In private life also this sin is frequently committed. How often do people become envious of the possessions or gifts of their neighbors, or for some other reason come to dislike them; then the process of detraction begins. All kinds of insinuations as to the secret of their success are set in motion. Veiled hints are thrown out as to the revelations which could be made if the person speaking was only minded to do so. In this way the reputation, which is the ripe fruit of a life time of duty honestly performed, of service willingly rendered, of lofty ideals tenaciously held and progressively realized, is often irreparably injured. What deed can we think of more dastardly than the injury to a good person’s reputation by the malicious thrusts of a vile detractor. And yet there are many who take a fiendish delight in this kind of work.

There is something in the natural human heart which makes us loath to give due credit for worth of character or achievement to any one save ourselves, or our own particular circle of intimates. How often we have all been in circles where the characters or work of excellent persons was under discussion. And nearly always there is someone who is ready to get out his little hammer, or his bucket of cold water. It is hard for us to praise people, to speak well of them. And even when nothing positively derogatory can be said, how often, in the words of Pope, people will:

“Damn with faint praise, assent with civil leer,
And, without sneering, teach the rest to sneer;
Willing to wound and yet afraid to strike,
Just hint a fault and hesitate dislike.”

Why is it that we cannot be more generous, rejoice more in other people’s honest and deserved success, and speak the word of praise and encouragement rather than of detraction? Why, even when there is not so much to praise, do we not have the happy faculty of looking for the good qualities of people rather than the faulty ones? Let us change our glasses, friends, and the miracle will be wrought! When we look through green glasses the world looks green. The reason we look so largely for faults and see so many faults, is ac counted for by the medium through which we look. If we had the right kind of heart — the heart Christ would fain give us — we should see more beauty and goodness in the world. And where we could not but see the evil we should not proclaim it from the housetops; but, if we had to speak of it, we should go to the source and in the spirit of Christ, seek to correct it.

A man’s good name is one of his most priceless possessions. To preserve this to him is one of the chief objects of this Eighth Commandment.
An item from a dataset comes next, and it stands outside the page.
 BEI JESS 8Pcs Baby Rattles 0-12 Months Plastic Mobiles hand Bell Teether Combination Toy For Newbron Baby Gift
To know that we deserve a good name is essential to our own self-respect and peace of mind. To have a good name in the eyes of others is necessary to the full enjoyment of what we deserve and essential to our social well-being. The value of a good name has always and everywhere been recognized. The sacred writer says:

“A good name is rather to be chosen than great riches” (Prov. 22:1).

You all remember the lines of the bard of Avon:

“Who steals my purse, steals trash; ’tis something, nothing;
‘Twas mine, ’tis his, and has been slave to thousands;
But he that filches from me my good name,
Robs me of that which not enriches him,
And makes me poor indeed.”

These sayings of the inspired writer and of the keenest observer of human conditions express the feelings of all honorable men. Probably just because a good name is such a precious and un-purchasable possession, so many people are trying to rob others of that which they themselves do not possess, and are too indolent and evil-minded to obtain. Some will even stoop to the basest trickery, and the baldest kind of lying in order to blacken fair names and cast upon reputations which have required for their establishment long years of the most painstaking care a life-long and intolerable burden, and all because someone out of spite and resentment broke the Eighth Commandment.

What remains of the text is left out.